Token-measured Fairness

Why fairness in obleth is measured in tokens, and how the estimate-reserve-reconcile cycle works.

Most gateways count requests. obleth counts tokens. The difference matters because one inference request can consume anywhere from a few tokens to tens of thousands — a single long-context request can occupy a GPU slot 1000× longer than a short one.

The estimate-reserve-reconcile cycle

obleth can't know how many tokens a response will consume before it runs. It uses a three-step process:

1. Estimate

Before fairshare admission, obleth estimates the total token cost from the request body:

  • Input tokens: HeuristicTokenizer counts ~4 characters per token, with 4 overhead tokens per message for role/formatting.

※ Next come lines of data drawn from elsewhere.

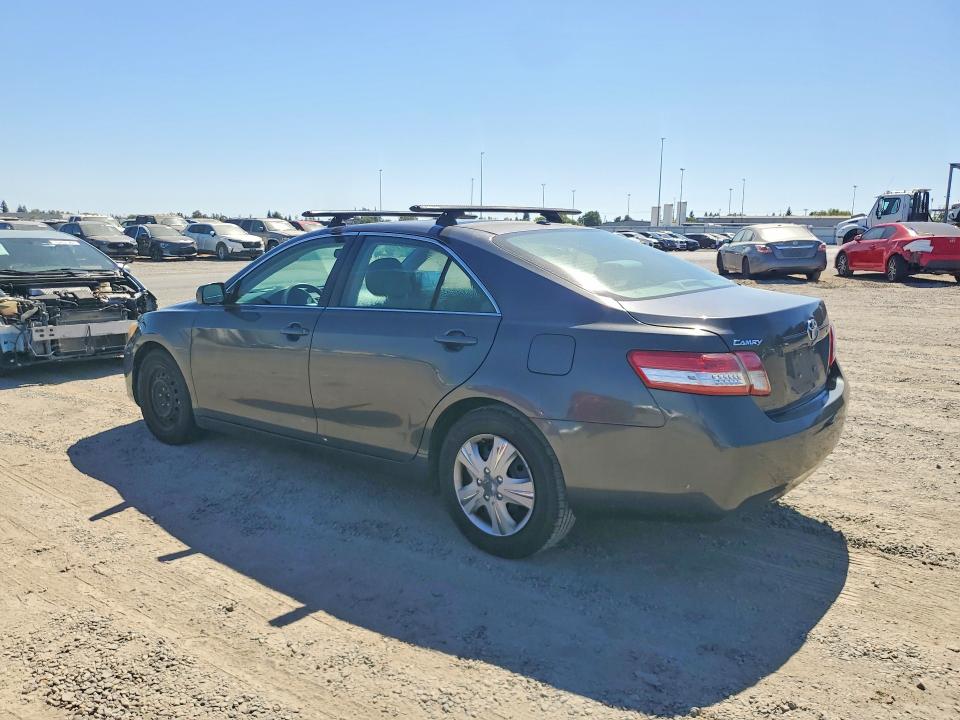 Photo 2 from auction – 2011 TOYOTA CAMRY with VIN 4T1BF3EK8BU709690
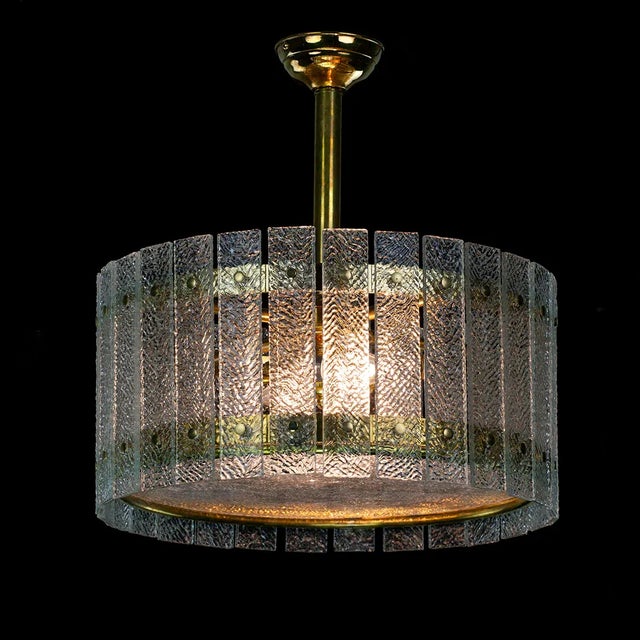 By fusing together herringbone style glass we have created a wonderfully sparkling clean crystal effect with these strips...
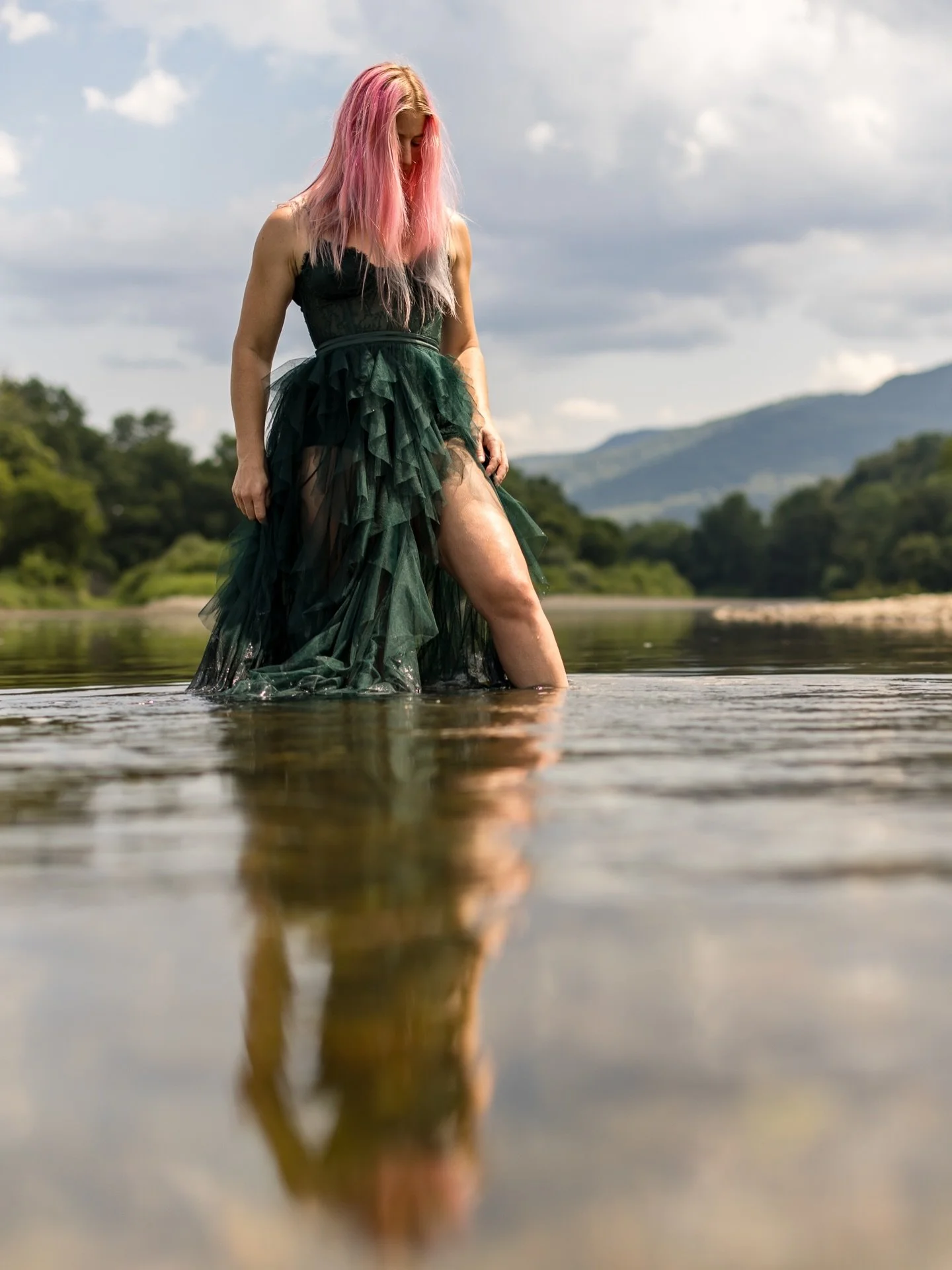He is set 1 of creating with @wasuckphoto that&rsquo;s not in some kind of trendy reel template. One image at a time, nice and slow 🙌🏼
.
Cheers to #exploring, being an #artmuse , and loving this water! #mermaid.
🔥🔥🔥🔥What image is your favorite?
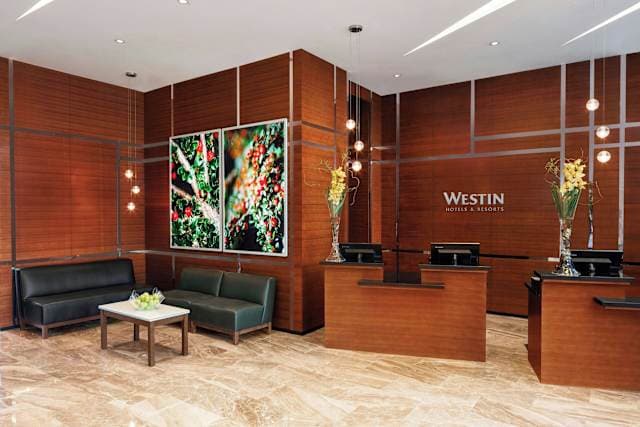 Hotel The Westin Wall Centre Vancouver Airport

Deterministic and fast.
  • Output tokens: the max_tokens field from the request, capped at 8192. Default ceiling is 512 if max_tokens is not set.

The total (input + estimated_output) is the request's cost used for both the fairshare score and the Redis budget reservation.

2. Reserve (atomic, cross-pod)

After admission but before the upstream call, a Redis Lua script atomically:

  1. Reads the tenant's token bucket: tokens + last-refill timestamp ts.
  2. Refills: tokens = min(capacity, tokens + (now_ms - ts) × rate) where rate = tokens_per_minute / 60000.
  3. Checks if tokens >= estimated_cost.
  4. If yes: subtracts the estimate, stores the new state, returns allowed=1.
  5. If no: returns allowed=0429 token budget exceeded.

The script is a single Redis round-trip. Correct across all pods with no application-level locking.

3. Reconcile

After the stream finishes, obleth reads actual token counts from the upstream's usage field and runs a second Lua script:

delta = estimated_output_tokens - actual_output_tokens
bucket_tokens = min(capacity, bucket_tokens + delta)

Positive delta (over-reserved) refunds tokens. Negative delta (under-reserved) charges more. The bucket can briefly go negative (bounded by −capacity) and is paid back over subsequent requests.

Why estimation accuracy matters less than you'd think

The estimate only affects admission ordering and budget reservation — not billing. Billing always uses reconciled actual cost. Slight estimation error just means the reservation is off, which reconciliation corrects. The heuristic is good enough for English text; for dense code or CJK content you may want a real BPE tokenizer.

Pluggable tokenizer

The Tokenizer trait in obleth-tokenizer is the seam:

pub trait Tokenizer: Send + Sync {
    fn count_text(&self, text: &str) -> u32;
    fn estimate_request(&self, body: &Value) -> CostEstimate { ... }
}

Drop in a tiktoken-rs or HuggingFace tokenizers implementation for model-accurate counting without changing anything else in the pipeline.

Token bucket parameters

FieldSourceEffect
tokens_per_minuteTenant.tokens_per_minuteSustained throughput budget per tenant
Bucket capacity (burst ceiling)same as tokens_per_minuteMaximum tokens held at once
Refill ratetokens_per_minute / 60000Tokens added per millisecond

A tenant with tokens_per_minute=2000000 can burst up to 2M tokens then refills at 33k tokens/ms. Adjust via PUT /api/v1/tenants/{id}/quota.